*LISTED ENTRIES:*
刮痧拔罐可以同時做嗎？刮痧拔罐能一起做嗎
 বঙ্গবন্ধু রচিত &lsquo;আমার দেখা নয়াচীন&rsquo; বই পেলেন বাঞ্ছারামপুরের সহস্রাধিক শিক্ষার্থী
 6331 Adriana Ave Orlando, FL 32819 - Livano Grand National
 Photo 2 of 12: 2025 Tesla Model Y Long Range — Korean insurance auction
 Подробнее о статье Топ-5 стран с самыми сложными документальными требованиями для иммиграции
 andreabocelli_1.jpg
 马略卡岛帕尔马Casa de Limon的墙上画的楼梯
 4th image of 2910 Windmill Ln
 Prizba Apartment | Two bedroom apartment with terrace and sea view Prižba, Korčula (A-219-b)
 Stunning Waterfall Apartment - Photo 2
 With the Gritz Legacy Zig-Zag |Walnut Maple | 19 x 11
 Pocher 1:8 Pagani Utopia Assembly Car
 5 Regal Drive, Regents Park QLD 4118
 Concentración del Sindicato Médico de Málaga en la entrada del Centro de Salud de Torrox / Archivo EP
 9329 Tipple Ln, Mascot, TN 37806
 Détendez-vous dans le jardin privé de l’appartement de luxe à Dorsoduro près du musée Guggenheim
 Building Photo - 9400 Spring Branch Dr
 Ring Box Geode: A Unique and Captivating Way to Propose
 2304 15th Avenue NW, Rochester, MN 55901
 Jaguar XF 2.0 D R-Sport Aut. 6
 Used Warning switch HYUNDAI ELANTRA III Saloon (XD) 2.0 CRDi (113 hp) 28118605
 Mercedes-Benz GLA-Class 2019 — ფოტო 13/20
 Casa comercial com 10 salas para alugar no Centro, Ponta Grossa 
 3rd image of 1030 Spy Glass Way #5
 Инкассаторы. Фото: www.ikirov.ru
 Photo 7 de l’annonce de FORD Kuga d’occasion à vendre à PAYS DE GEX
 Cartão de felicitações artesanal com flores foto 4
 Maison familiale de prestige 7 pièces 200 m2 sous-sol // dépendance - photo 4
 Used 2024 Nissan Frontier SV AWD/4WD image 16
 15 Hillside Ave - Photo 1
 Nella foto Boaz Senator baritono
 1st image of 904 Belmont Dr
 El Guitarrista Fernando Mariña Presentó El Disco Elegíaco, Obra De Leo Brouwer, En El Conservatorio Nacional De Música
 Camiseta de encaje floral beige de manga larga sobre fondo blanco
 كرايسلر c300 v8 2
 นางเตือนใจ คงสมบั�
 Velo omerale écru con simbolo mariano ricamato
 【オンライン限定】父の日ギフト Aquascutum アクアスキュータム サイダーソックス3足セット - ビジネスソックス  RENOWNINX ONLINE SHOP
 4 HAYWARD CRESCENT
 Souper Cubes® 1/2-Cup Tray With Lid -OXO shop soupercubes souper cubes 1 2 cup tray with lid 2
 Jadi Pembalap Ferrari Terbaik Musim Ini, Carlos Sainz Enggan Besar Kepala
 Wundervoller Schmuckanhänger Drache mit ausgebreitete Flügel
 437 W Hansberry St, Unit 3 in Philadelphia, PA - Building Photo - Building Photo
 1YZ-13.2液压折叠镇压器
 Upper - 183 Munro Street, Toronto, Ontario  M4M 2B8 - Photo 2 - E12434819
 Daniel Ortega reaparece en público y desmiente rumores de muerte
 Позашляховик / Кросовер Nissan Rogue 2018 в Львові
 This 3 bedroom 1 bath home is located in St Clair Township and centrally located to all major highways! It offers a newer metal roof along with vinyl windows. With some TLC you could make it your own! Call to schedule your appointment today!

*TASK DESCRIPTION:* An acceptable answer repeats every entry exactly, with nothing omitted.

*RESULT OF THE EXERCISE:*
刮痧拔罐可以同時做嗎？刮痧拔罐能一起做嗎
 বঙ্গবন্ধু রচিত &lsquo;আমার দেখা নয়াচীন&rsquo; বই পেলেন বাঞ্ছারামপুরের সহস্রাধিক শিক্ষার্থী
 6331 Adriana Ave Orlando, FL 32819 - Livano Grand National
 Photo 2 of 12: 2025 Tesla Model Y Long Range — Korean insurance auction
 Подробнее о статье Топ-5 стран с самыми сложными документальными требованиями для иммиграции
 andreabocelli_1.jpg
 马略卡岛帕尔马Casa de Limon的墙上画的楼梯
 4th image of 2910 Windmill Ln
 Prizba Apartment | Two bedroom apartment with terrace and sea view Prižba, Korčula (A-219-b)
 Stunning Waterfall Apartment - Photo 2
 With the Gritz Legacy Zig-Zag |Walnut Maple | 19 x 11
 Pocher 1:8 Pagani Utopia Assembly Car
 5 Regal Drive, Regents Park QLD 4118
 Concentración del Sindicato Médico de Málaga en la entrada del Centro de Salud de Torrox / Archivo EP
 9329 Tipple Ln, Mascot, TN 37806
 Détendez-vous dans le jardin privé de l’appartement de luxe à Dorsoduro près du musée Guggenheim
 Building Photo - 9400 Spring Branch Dr
 Ring Box Geode: A Unique and Captivating Way to Propose
 2304 15th Avenue NW, Rochester, MN 55901
 Jaguar XF 2.0 D R-Sport Aut. 6
 Used Warning switch HYUNDAI ELANTRA III Saloon (XD) 2.0 CRDi (113 hp) 28118605
 Mercedes-Benz GLA-Class 2019 — ფოტო 13/20
 Casa comercial com 10 salas para alugar no Centro, Ponta Grossa 
 3rd image of 1030 Spy Glass Way #5
 Инкассаторы. Фото: www.ikirov.ru
 Photo 7 de l’annonce de FORD Kuga d’occasion à vendre à PAYS DE GEX
 Cartão de felicitações artesanal com flores foto 4
 Maison familiale de prestige 7 pièces 200 m2 sous-sol // dépendance - photo 4
 Used 2024 Nissan Frontier SV AWD/4WD image 16
 15 Hillside Ave - Photo 1
 Nella foto Boaz Senator baritono
 1st image of 904 Belmont Dr
 El Guitarrista Fernando Mariña Presentó El Disco Elegíaco, Obra De Leo Brouwer, En El Conservatorio Nacional De Música
 Camiseta de encaje floral beige de manga larga sobre fondo blanco
 كرايسلر c300 v8 2
 นางเตือนใจ คงสมบั�
 Velo omerale écru con simbolo mariano ricamato
 【オンライン限定】父の日ギフト Aquascutum アクアスキュータム サイダーソックス3足セット - ビジネスソックス  RENOWNINX ONLINE SHOP
 4 HAYWARD CRESCENT
 Souper Cubes® 1/2-Cup Tray With Lid -OXO shop soupercubes souper cubes 1 2 cup tray with lid 2
 Jadi Pembalap Ferrari Terbaik Musim Ini, Carlos Sainz Enggan Besar Kepala
 Wundervoller Schmuckanhänger Drache mit ausgebreitete Flügel
 437 W Hansberry St, Unit 3 in Philadelphia, PA - Building Photo - Building Photo
 1YZ-13.2液压折叠镇压器
 Upper - 183 Munro Street, Toronto, Ontario  M4M 2B8 - Photo 2 - E12434819
 Daniel Ortega reaparece en público y desmiente rumores de muerte
 Позашляховик / Кросовер Nissan Rogue 2018 в Львові
 This 3 bedroom 1 bath home is located in St Clair Township and centrally located to all major highways! It offers a newer metal roof along with vinyl windows. With some TLC you could make it your own! Call to schedule your appointment today!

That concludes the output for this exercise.